Information shown:
↓

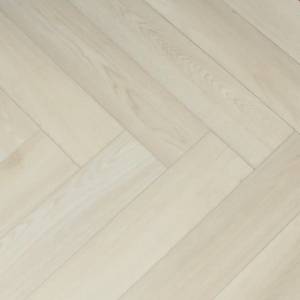 SPC Ламинат Kronparket Provence 4/43 4V 1616019 Дуб Сириус 600x125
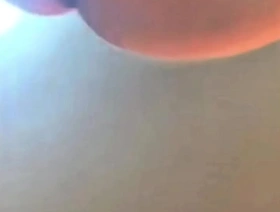 Couple Gay Asian Amateur Handsome Fucking Bareback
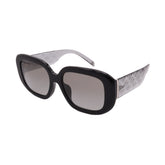 Tory burch Sunglasses TY7218U-170911-54-18-140 Non-Polarized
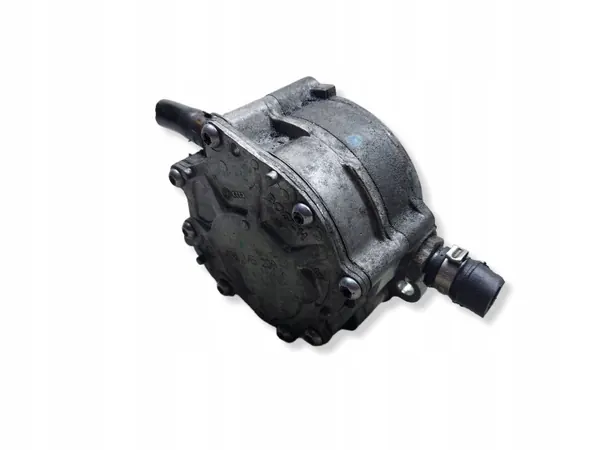 Vacuümpomp OEM 038145209C voor Audi A4 B6 1.9TDI image 2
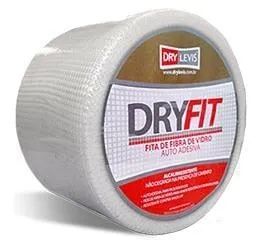 Drylevis Dryfit 100 mm 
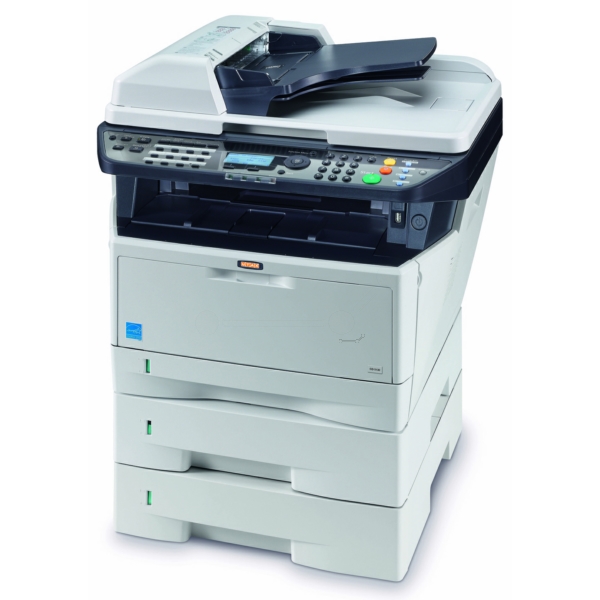 Utax CD 5130 Bild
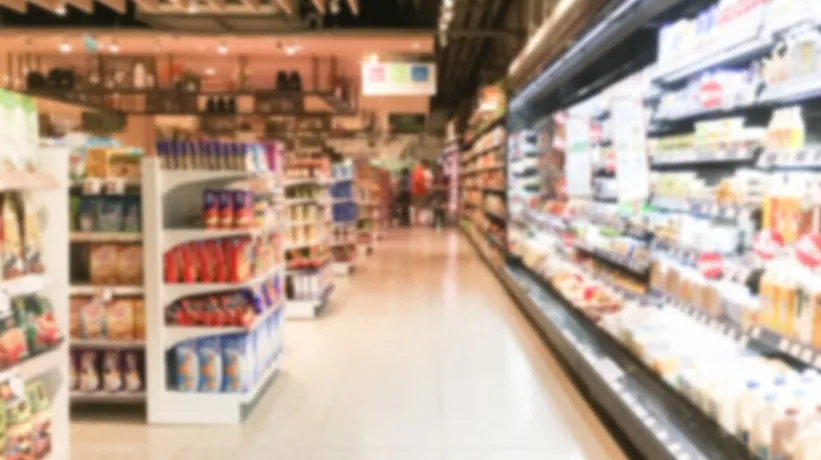 Ramazan’da marketler saat kaça kadar açık? Sahurda marketler, fırınlar açık olacak mı?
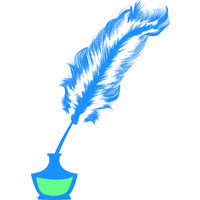 Custom Content Solutions LLC logo - Similar company to Ohcleo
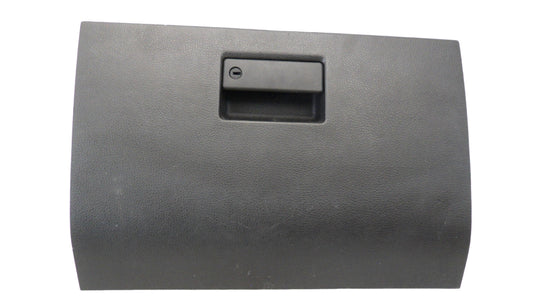 7A1378060T10 2007-2010 Lincoln MKX Front Glove Box Used 7A1378060T10 OEM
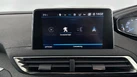 2020-peugeot-3008-suv-15-bluehdi-allure-eat8-small-18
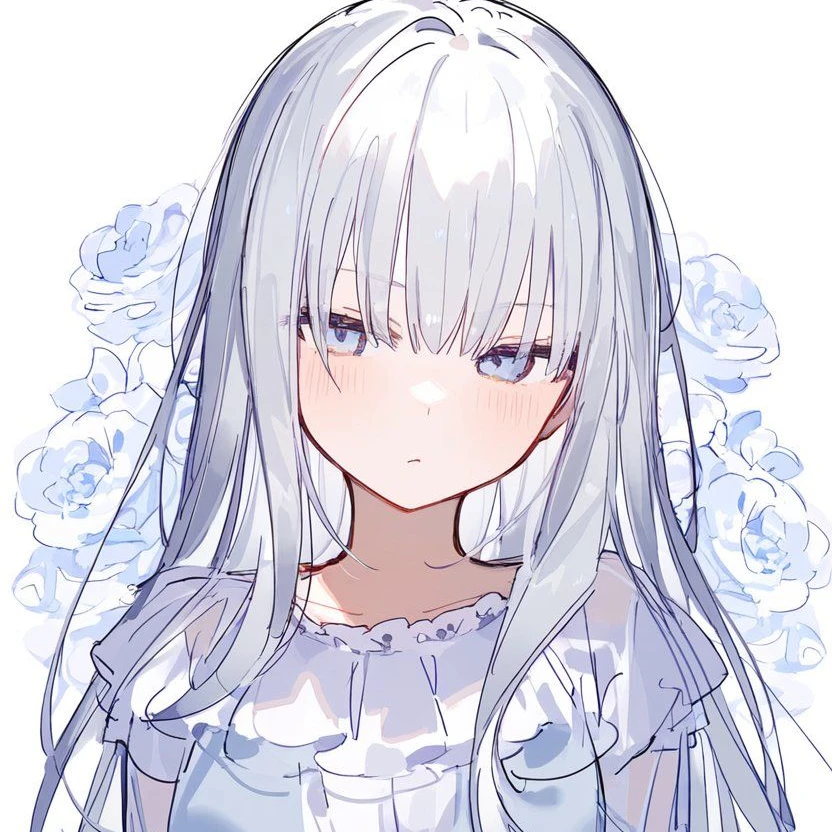 あかり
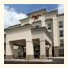 Hampton Inn Middletown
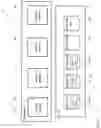 Fig. 03 - Processing a guest event in a hypervisor-controlled system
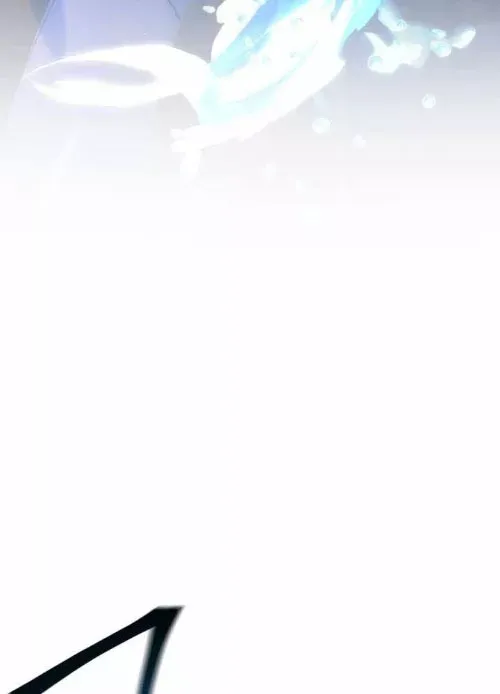 Giả Vờ Làm Kẻ Vô Dụng Ở Học Đường - Chapter 141 - Page 125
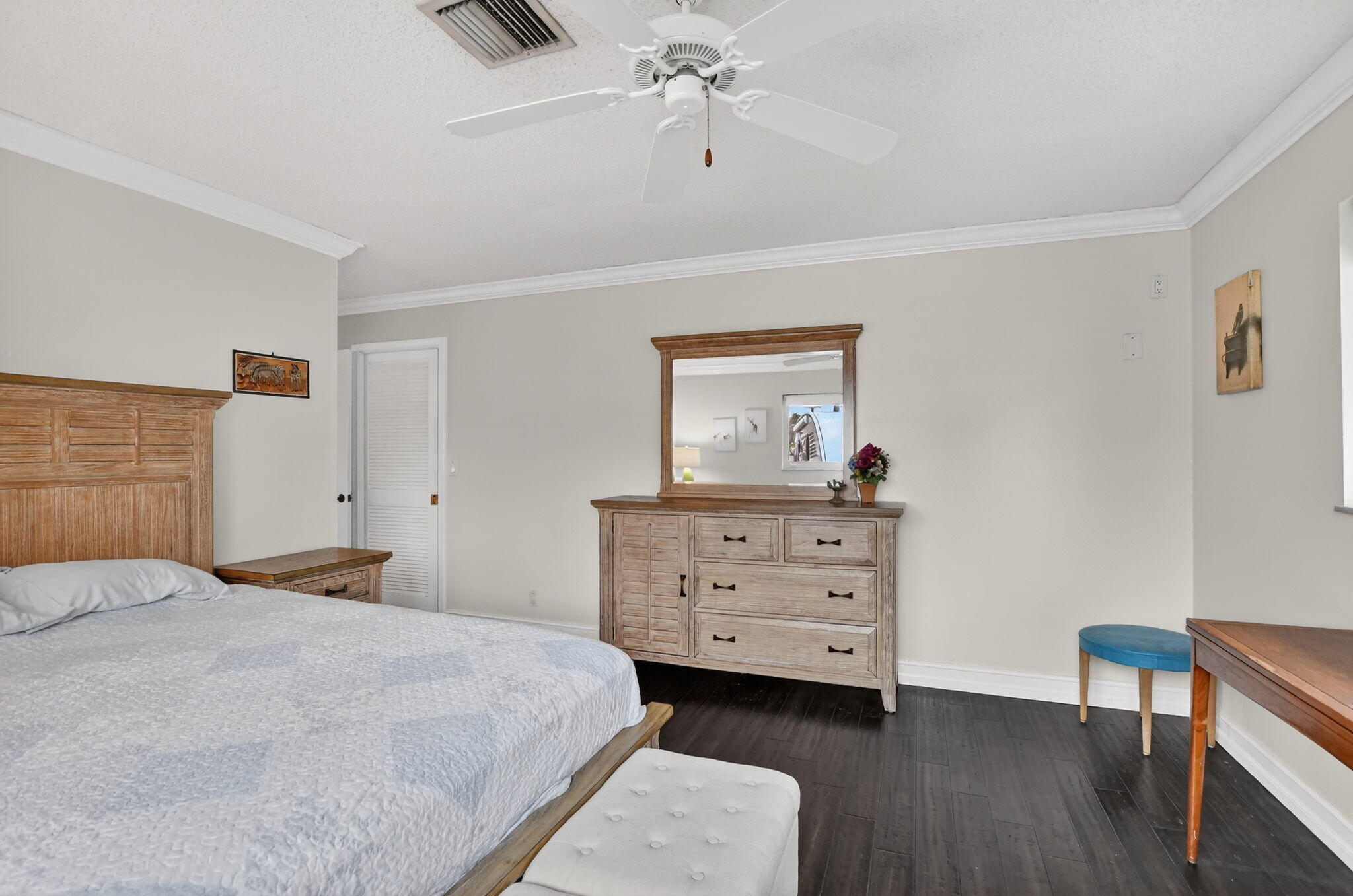 1311 Southwest 14th Avenue Boca Raton, FL 33486 - Photo 23 of 54 Primary bedroom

↑

Exercise details:
Skip the pictures. Restate exactly the lines from the start of the entries through the line containing "7A1378060T10 2007-2010 Lincoln", both ends included.

Your response:
 SPC Ламинат Kronparket Provence 4/43 4V 1616019 Дуб Сириус 600x125
 Couple Gay Asian Amateur Handsome Fucking Bareback
 Tory burch Sunglasses TY7218U-170911-54-18-140 Non-Polarized
 Vacuümpomp OEM 038145209C voor Audi A4 B6 1.9TDI image 2
 Drylevis Dryfit 100 mm 
 Utax CD 5130 Bild
 Ramazan’da marketler saat kaça kadar açık? Sahurda marketler, fırınlar açık olacak mı?
 Custom Content Solutions LLC logo - Similar company to Ohcleo
 7A1378060T10 2007-2010 Lincoln MKX Front Glove Box Used 7A1378060T10 OEM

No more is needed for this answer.